Cat not build TRT Engine after onnx int8 quantize #38

Open DefTruth opened 4 months ago

DefTruth commented 4 months ago

/root/anaconda3/envs/modelopt/lib/python3.10/site-packages/modelopt/onnx/quantization/int4.py:27: UserWarning: Using slower INT4 ONNX quantization using numpy. Install JAX (https://jax.readthedocs.io/en/latest/installation.html) for faster quantization: jax requires jaxlib to be installed. See https://github.com/google/jax#installation for installation instructions. warnings.warn( Loading extension modelopt_round_and_pack_ext...

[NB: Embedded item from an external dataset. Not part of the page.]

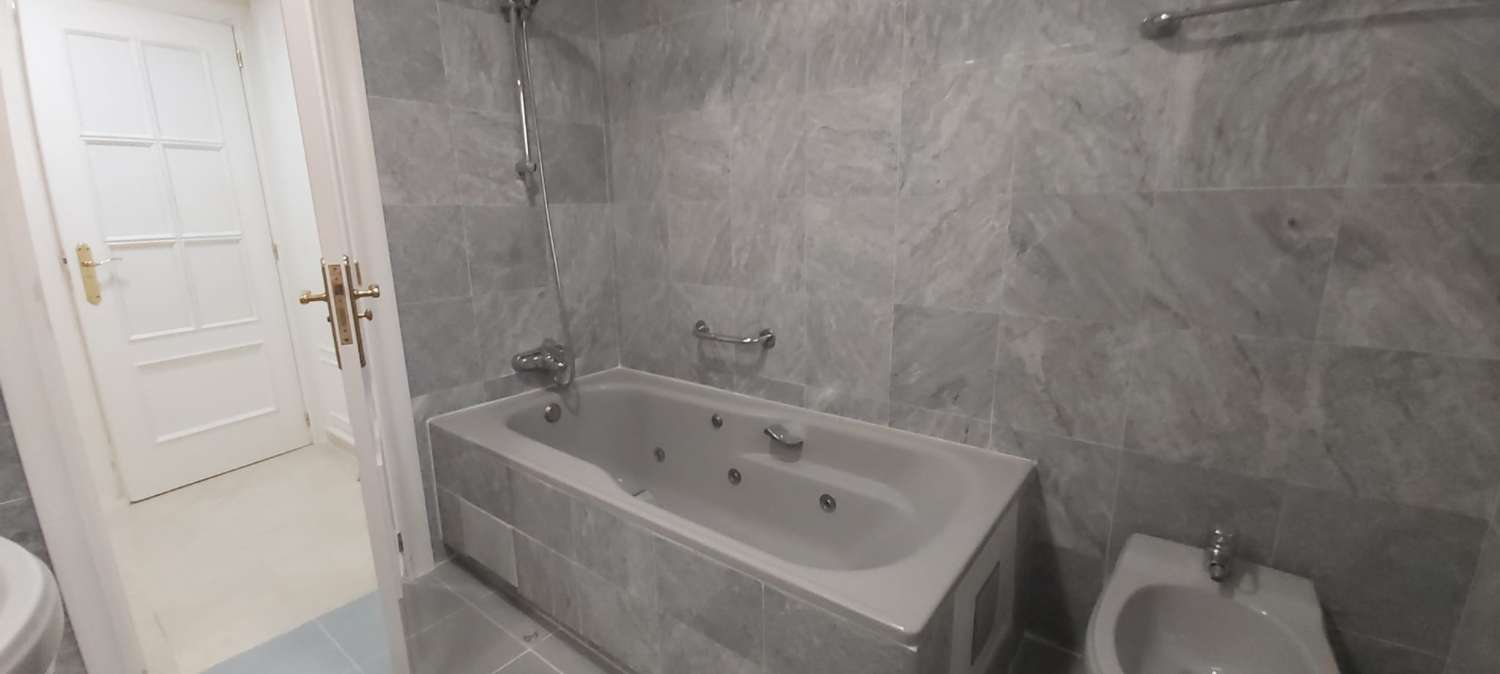 ???? ¡DISPONIBLE 9 DICIEMBRE! Lujo y Estabilidad en Torrequebrada: Piso de 155m² con Vistas al Golf y al Mar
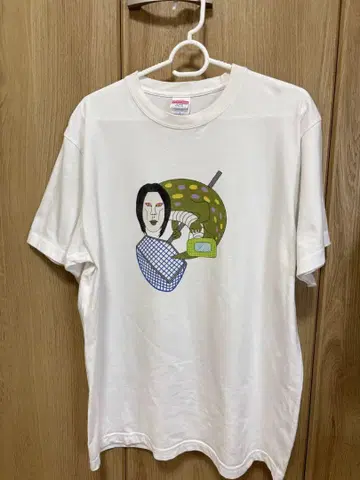 오로친유 티셔츠 L 사이즈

INFO:root:Model encoder-vd-512-10-skip-mha.onnx with opset_version 17 is loaded. INFO:root:Quantization Mode: int8 INFO:root:Quantizable op types in the model: ['Add', 'AveragePool', 'Mul', 'Conv'] INFO:root:Building non-residual Add input map ... INFO:root:Searching for hard-coded patterns like MHA, LayerNorm, etc. to avoid quantization. INFO:root:Building KGEN/CASK targeted partitions ... INFO:root:Classifying the partition nodes ... INFO:root:Total number of nodes: 507 INFO:root:Skipped node count: 0 WARNING:root:Please consider to run pre-processing before quantization. Refer to example: https://github.com/microsoft/onnxruntime-inference-examples/blob/main/quantization/image_classification/cpu/ReadMe.md Collecting tensor data and making histogram ... 100%|███████████████████████████████████████████████████████████████████████████████████████████████████████████████████████████████████████████████████| 286/286 [03:23<00:00, 1.41it/s] Finding optimal threshold for each tensor using 'entropy' algorithm ... Number of tensors : 286 Number of histogram bins : 128 (The number may increase depends on the data it collects) Number of quantized bins : 128 WARNING:root:Please consider pre-processing before quantization. See https://github.com/microsoft/onnxruntime-inference-examples/blob/main/quantization/image_classification/cpu/ReadMe.md INFO:root:Deleting QDQ nodes from marked inputs to make certain operations fusible ... INFO:root:Quantized onnx model is saved as encoder-w8a8-int8.onnx INFO:root:Total number of quantized nodes: 166 INFO:root:Quantized node types: {'Add', 'AveragePool', 'Sigmoid', 'Reshape', 'Mul', 'Shape', 'Conv'}


- build engine  (FAILED)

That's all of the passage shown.